▸ What you should do: Which lines run from the one containing "CoolerMaster TD300-KGNN-S00 ブラック" to the end of the entries? Copy them exactly, both ends included, and give nothing else.

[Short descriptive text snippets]
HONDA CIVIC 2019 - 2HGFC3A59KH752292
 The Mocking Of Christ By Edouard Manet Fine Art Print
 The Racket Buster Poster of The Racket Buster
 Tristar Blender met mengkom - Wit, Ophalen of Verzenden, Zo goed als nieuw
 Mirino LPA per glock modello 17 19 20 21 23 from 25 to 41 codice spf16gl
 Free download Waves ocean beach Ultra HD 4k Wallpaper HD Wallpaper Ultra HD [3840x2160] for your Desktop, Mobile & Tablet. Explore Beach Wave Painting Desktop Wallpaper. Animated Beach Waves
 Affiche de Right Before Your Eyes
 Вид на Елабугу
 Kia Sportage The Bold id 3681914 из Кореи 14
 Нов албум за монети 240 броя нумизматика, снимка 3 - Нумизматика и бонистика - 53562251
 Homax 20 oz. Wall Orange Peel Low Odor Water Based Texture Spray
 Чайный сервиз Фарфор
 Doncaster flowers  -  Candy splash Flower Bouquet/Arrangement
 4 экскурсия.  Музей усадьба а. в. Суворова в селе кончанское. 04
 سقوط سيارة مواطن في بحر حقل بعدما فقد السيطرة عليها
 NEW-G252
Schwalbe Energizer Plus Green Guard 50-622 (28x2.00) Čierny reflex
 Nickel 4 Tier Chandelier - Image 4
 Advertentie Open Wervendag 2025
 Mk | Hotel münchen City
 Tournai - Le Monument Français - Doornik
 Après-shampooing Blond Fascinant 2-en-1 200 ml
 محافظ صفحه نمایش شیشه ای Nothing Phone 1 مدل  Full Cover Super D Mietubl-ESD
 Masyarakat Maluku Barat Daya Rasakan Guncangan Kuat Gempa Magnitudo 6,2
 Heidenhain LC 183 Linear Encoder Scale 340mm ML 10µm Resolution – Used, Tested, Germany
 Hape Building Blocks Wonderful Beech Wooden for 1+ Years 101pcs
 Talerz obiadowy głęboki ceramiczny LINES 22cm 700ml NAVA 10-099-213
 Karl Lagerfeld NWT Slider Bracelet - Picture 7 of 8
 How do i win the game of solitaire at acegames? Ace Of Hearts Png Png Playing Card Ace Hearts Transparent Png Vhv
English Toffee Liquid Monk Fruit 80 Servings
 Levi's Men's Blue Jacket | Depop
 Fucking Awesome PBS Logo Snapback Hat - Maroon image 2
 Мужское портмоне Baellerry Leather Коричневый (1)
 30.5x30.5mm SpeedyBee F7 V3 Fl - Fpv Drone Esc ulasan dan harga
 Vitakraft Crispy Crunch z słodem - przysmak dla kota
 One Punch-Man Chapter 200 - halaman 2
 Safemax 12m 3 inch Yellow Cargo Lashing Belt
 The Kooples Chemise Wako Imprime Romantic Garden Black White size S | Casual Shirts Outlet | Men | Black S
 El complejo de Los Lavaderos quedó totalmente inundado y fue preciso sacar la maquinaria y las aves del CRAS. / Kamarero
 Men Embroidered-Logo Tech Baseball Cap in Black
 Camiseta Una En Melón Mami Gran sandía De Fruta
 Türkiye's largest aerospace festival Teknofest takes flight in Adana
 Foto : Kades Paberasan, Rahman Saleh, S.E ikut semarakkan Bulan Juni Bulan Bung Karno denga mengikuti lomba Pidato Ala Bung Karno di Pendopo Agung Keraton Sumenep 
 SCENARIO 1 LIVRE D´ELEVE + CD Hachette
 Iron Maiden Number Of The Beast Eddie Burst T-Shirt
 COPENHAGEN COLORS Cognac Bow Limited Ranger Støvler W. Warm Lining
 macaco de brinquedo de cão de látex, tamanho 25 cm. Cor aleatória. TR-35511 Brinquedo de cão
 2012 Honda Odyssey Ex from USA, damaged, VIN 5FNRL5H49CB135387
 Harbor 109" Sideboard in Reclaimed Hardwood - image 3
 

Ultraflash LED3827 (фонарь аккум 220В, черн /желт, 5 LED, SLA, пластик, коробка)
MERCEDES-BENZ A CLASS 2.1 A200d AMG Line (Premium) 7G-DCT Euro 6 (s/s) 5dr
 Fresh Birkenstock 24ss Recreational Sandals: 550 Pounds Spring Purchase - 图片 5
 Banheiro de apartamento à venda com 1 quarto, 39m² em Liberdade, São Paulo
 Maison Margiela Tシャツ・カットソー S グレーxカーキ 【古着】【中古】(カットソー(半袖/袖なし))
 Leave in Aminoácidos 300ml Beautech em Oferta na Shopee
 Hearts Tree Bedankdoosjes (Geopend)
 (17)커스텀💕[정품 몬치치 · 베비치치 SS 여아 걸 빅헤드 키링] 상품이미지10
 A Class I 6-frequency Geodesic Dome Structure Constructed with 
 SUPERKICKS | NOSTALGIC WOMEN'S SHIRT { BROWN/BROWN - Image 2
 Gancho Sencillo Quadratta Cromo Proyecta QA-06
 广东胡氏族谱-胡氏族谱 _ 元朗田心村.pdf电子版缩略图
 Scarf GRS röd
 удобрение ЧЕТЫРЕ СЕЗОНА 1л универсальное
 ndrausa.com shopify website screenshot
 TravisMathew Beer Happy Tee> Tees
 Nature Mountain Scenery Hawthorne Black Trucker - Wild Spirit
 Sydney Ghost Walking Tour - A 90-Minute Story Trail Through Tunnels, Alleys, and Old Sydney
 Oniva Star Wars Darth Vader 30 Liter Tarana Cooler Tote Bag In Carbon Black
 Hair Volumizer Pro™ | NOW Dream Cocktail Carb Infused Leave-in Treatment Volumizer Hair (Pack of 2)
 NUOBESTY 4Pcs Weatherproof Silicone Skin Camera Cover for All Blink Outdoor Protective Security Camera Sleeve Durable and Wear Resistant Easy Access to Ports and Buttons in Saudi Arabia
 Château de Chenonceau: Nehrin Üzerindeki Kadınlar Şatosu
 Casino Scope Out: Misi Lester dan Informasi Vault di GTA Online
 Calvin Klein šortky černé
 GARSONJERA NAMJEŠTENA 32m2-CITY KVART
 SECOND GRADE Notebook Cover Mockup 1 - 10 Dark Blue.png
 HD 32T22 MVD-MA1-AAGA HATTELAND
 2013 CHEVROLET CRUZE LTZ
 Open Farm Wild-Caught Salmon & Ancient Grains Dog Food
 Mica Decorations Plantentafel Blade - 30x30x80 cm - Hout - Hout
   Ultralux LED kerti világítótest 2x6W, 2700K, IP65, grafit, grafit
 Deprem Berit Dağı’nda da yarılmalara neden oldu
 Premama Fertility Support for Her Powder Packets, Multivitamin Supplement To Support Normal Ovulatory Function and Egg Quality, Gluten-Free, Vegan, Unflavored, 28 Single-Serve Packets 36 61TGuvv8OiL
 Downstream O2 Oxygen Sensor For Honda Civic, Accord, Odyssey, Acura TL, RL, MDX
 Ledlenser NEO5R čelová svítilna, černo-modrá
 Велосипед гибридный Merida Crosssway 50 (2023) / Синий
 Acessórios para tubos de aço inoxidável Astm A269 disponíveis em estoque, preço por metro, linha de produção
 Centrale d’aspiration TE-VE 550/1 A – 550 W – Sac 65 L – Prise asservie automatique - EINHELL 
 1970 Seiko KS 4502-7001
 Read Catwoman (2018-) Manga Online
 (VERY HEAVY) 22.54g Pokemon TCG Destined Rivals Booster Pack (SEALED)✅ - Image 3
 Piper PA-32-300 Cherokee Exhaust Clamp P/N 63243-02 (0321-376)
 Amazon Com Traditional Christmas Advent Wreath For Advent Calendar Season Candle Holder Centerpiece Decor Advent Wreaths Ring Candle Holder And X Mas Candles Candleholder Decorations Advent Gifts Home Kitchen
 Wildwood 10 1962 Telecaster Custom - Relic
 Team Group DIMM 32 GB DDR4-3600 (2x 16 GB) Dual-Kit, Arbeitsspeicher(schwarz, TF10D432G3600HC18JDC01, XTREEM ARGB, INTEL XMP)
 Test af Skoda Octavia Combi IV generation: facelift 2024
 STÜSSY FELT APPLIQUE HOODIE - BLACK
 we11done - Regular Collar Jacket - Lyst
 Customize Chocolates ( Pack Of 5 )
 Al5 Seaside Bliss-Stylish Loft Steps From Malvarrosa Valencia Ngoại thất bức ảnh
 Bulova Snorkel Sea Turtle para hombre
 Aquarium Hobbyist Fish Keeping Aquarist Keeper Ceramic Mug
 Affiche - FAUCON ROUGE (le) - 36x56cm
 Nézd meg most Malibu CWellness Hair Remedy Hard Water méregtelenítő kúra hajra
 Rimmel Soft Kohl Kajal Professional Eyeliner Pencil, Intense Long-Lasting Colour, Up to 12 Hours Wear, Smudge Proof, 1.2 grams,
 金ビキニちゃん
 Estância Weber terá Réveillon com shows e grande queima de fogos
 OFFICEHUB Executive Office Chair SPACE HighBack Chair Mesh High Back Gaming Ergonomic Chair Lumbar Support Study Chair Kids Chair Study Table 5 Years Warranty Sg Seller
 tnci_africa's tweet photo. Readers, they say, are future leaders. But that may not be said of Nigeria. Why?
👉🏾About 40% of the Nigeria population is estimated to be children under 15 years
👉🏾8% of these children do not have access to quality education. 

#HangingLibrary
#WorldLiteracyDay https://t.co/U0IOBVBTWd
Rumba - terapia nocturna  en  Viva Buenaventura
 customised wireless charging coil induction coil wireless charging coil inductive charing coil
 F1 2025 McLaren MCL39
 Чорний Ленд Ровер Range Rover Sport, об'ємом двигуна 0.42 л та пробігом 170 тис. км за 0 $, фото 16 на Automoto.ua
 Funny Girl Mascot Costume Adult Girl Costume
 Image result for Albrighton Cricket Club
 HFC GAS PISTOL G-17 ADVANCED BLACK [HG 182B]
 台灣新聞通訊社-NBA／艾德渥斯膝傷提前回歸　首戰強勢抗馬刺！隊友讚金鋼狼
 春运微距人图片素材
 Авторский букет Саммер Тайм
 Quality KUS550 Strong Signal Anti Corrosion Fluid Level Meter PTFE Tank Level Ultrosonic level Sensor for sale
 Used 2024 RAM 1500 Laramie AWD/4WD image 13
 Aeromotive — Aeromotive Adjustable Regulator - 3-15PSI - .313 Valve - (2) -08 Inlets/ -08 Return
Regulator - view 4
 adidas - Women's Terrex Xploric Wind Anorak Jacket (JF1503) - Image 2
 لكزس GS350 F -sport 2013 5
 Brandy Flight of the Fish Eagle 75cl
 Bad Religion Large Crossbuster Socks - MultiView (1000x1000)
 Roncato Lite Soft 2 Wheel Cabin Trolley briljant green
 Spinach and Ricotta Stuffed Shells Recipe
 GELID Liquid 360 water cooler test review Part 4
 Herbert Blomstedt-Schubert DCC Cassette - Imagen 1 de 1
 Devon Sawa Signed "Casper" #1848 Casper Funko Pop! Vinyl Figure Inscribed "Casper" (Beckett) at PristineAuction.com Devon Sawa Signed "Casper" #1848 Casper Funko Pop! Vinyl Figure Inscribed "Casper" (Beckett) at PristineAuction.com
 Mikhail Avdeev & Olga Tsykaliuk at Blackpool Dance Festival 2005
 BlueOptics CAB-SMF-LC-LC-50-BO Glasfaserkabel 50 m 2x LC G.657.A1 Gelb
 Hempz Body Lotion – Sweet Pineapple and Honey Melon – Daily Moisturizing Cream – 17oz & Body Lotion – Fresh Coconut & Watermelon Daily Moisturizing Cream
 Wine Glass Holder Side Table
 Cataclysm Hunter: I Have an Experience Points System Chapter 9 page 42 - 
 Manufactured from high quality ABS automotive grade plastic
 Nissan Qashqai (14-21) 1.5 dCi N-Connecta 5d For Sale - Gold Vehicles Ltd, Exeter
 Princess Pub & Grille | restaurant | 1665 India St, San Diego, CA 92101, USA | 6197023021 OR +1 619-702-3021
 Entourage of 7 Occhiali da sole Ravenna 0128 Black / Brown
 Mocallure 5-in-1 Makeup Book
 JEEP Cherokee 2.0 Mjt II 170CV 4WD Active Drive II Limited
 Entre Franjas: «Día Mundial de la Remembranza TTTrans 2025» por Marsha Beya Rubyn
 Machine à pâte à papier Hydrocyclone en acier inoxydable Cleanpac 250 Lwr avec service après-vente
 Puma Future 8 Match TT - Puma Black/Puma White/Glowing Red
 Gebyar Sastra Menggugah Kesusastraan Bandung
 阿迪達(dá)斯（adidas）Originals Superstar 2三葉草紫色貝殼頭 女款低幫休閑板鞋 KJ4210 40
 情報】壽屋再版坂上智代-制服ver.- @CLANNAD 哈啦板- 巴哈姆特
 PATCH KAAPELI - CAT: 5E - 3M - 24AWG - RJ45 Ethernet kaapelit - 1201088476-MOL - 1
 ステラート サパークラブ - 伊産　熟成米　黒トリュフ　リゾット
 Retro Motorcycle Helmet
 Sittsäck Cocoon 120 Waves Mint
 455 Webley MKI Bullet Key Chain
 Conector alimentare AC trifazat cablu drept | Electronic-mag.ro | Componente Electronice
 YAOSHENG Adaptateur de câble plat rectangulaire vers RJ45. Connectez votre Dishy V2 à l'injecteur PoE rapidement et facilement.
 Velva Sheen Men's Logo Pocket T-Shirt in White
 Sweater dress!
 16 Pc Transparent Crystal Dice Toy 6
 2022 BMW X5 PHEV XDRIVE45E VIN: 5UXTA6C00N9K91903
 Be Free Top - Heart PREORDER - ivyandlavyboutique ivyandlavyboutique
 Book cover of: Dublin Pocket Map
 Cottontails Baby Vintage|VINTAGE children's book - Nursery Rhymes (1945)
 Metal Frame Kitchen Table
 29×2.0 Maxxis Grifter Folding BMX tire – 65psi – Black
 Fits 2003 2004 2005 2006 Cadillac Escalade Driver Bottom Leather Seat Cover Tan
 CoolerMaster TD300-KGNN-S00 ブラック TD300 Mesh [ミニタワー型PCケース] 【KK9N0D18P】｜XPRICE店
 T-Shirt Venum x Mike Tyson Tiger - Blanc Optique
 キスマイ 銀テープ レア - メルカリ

▸ Final answer:
 CoolerMaster TD300-KGNN-S00 ブラック TD300 Mesh [ミニタワー型PCケース] 【KK9N0D18P】｜XPRICE店
 T-Shirt Venum x Mike Tyson Tiger - Blanc Optique
 キスマイ 銀テープ レア - メルカリ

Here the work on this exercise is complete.